Review by Gilbert Seah

The second re-boot of SPIDER-MAN arrives with all the hype and with it fear that the new look would result in a film as disastrous as the D.C. extended universe films MAN OF STEEL, BATMAN V. SUPERMAN or SUICIDE SQUAD. Thankfully, the new Marvel Cinematic Universe SPIDER-MAN HOMECOMING is not so bad and promises a much better sequel in the making.
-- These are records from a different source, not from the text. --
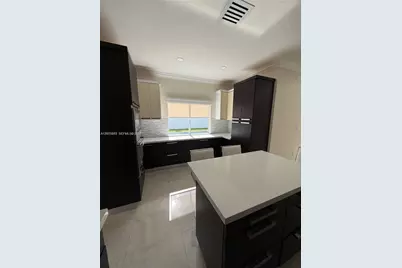 15624 SW 20th St, Miami, FL 33185 - Photo 5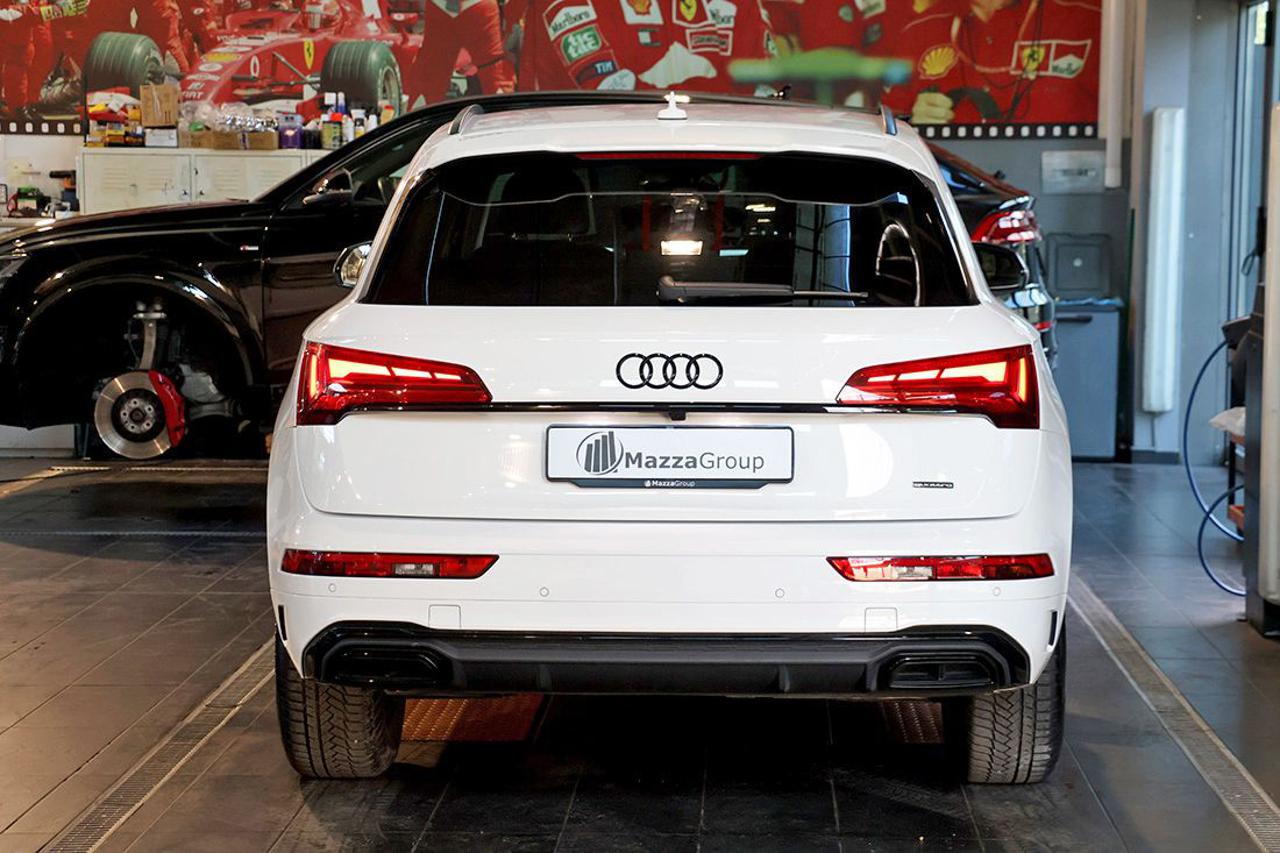 AUDI Q5 40 TDI Quattro S-Tronic S-Line - 4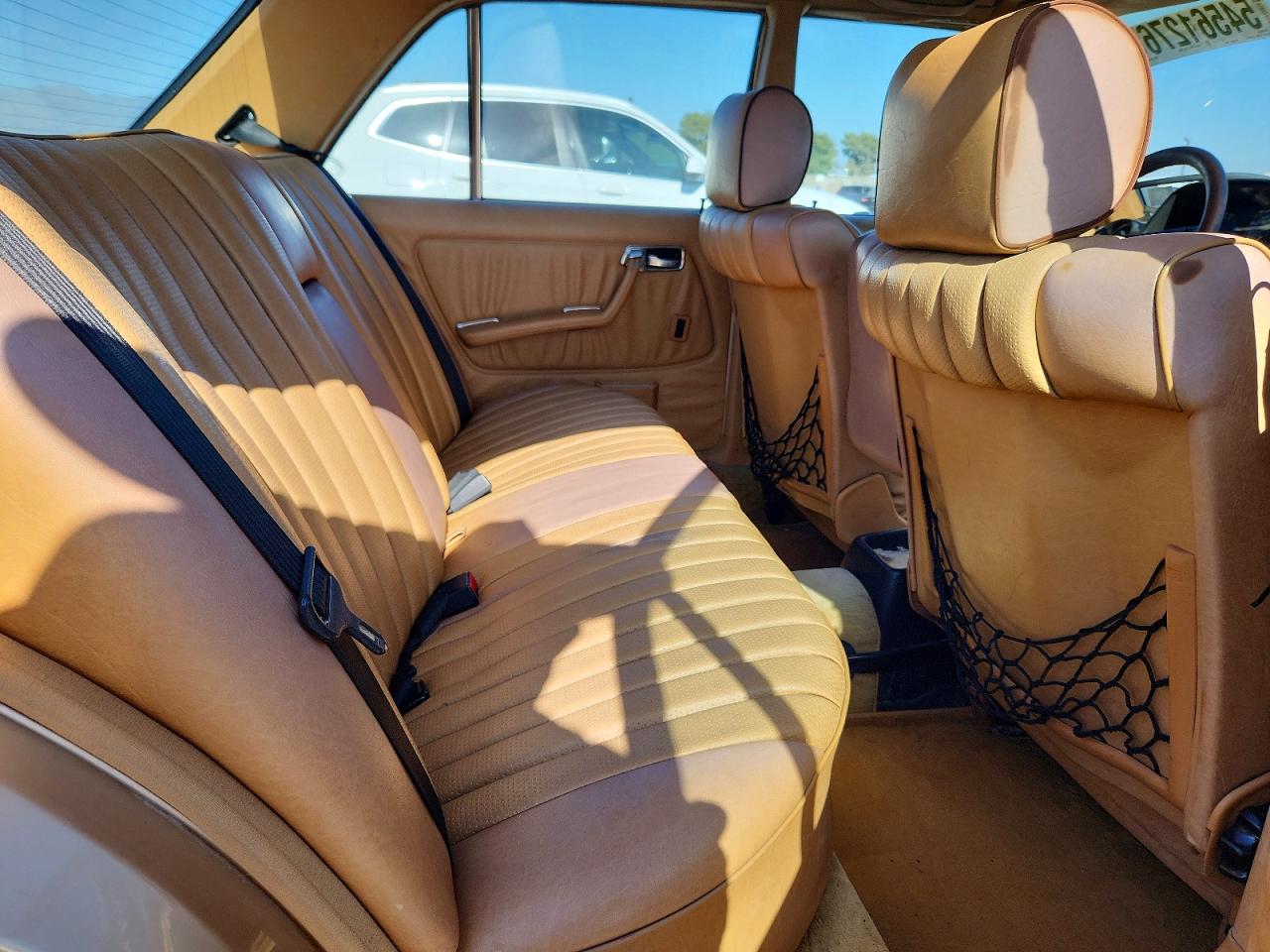 1984 Mercedes-benz 300 Dt Gold vin: WDBAB33A0EA036243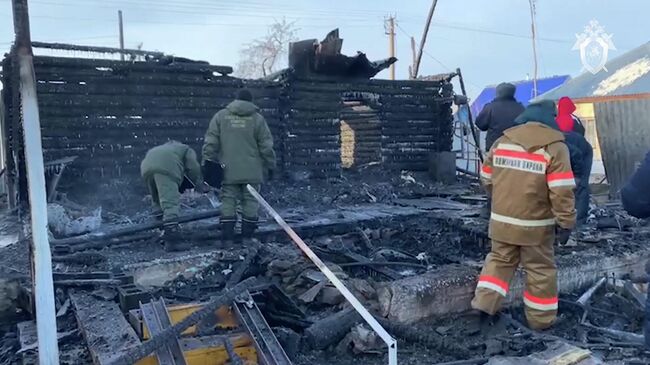 Сотрудники МЧС на месте пожара в доме престарелых в Абзелиловском районе Башкирии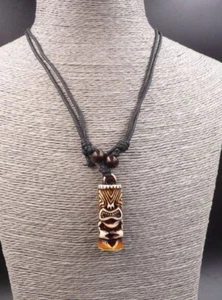 Collier mixte homme / femme avec pendentif Tiki marron - bijou maori Hawai Tahit - Foto 1 di 2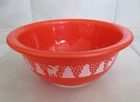 Pyrex Reindeer and Christmas Tree 322 Red Bowl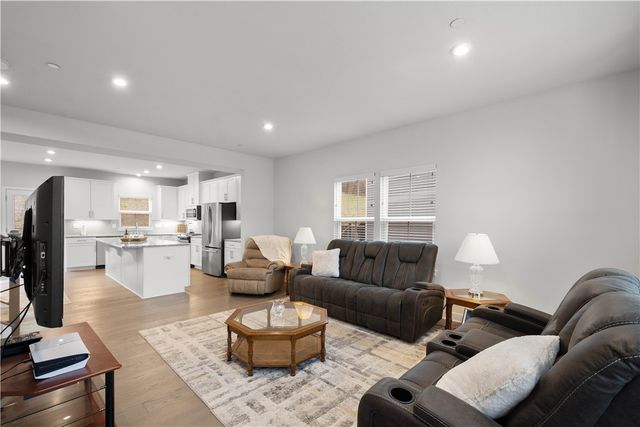 412 Greenwood Drive, North Strabane, PA 15317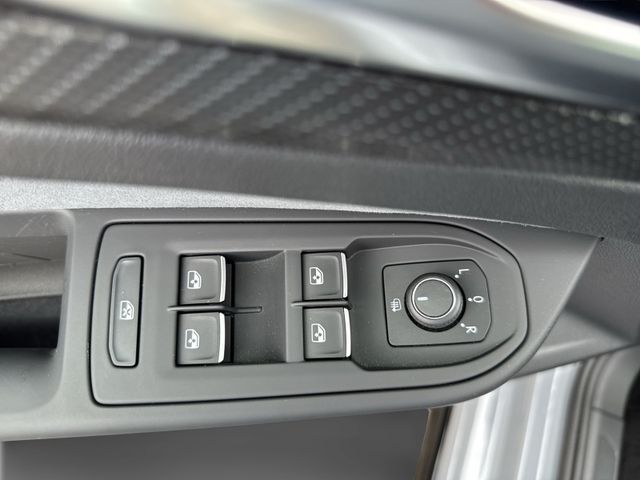 Golf Variant R-Line 1.5 eTSI, Navi, BlackStyle,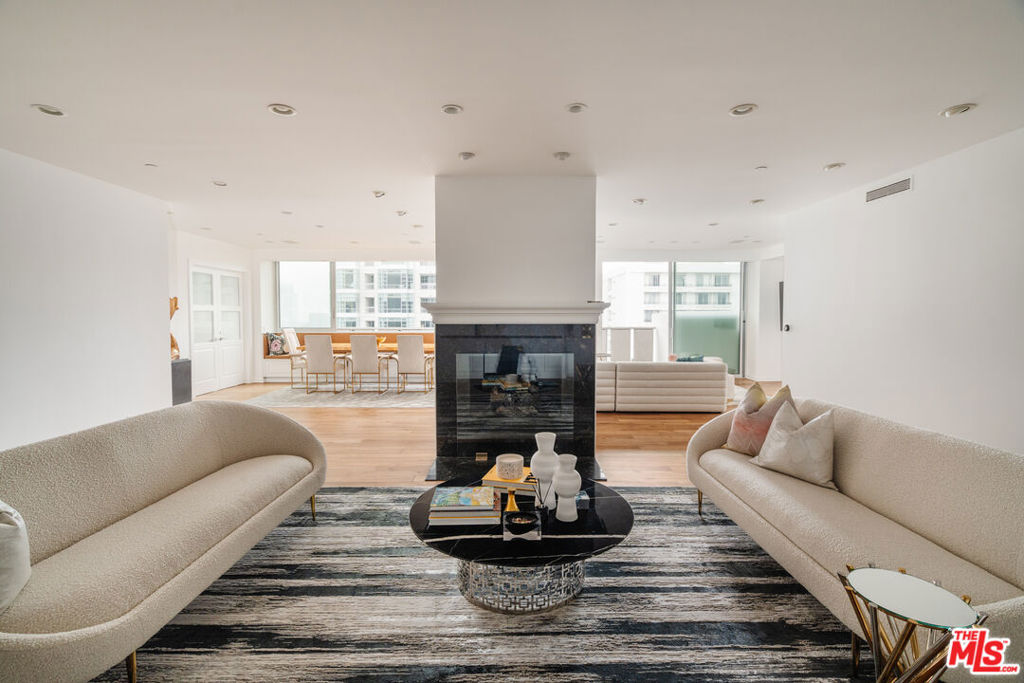 10375 Wilshire Boulevard 11h Property Photo 8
The film opens with Peter Parker (Tom Holland) arriving with all his super spider powers intact. Instead of learning to control his new found powers, Parker has to learn how to be Spider-Man. He has arrived several months after the events of Captain America: Civil War, and subject to the help of his mentor Tony Stark aka IRONMAN (Robert Downey Jr.), learns to balance his life as an ordinary high school student in Queens, New York City with fighting crime.
The villain of the piece is introduced at the start of the film as an enterprising business man, Adrian Toomes (Michael Keaton). Forced out of his business by the big boys, Toomes ends up taking revenge on the city by turning himself into the Vulture that eventually battles Spidey. Keaton is exceptionally cynical in his role, the only problem arising is that Toomes is so victimized that one cannot help but root for this poor victim. At one point in the film, Toomes is so convincing in naming Stark Enterprises as the villain that one cannot help but almost believe him. The Vulture’s costume looks too much like Keaton’s Birdman’s outfit, as if reminding the audience of his Best Actor Oscar nominated role.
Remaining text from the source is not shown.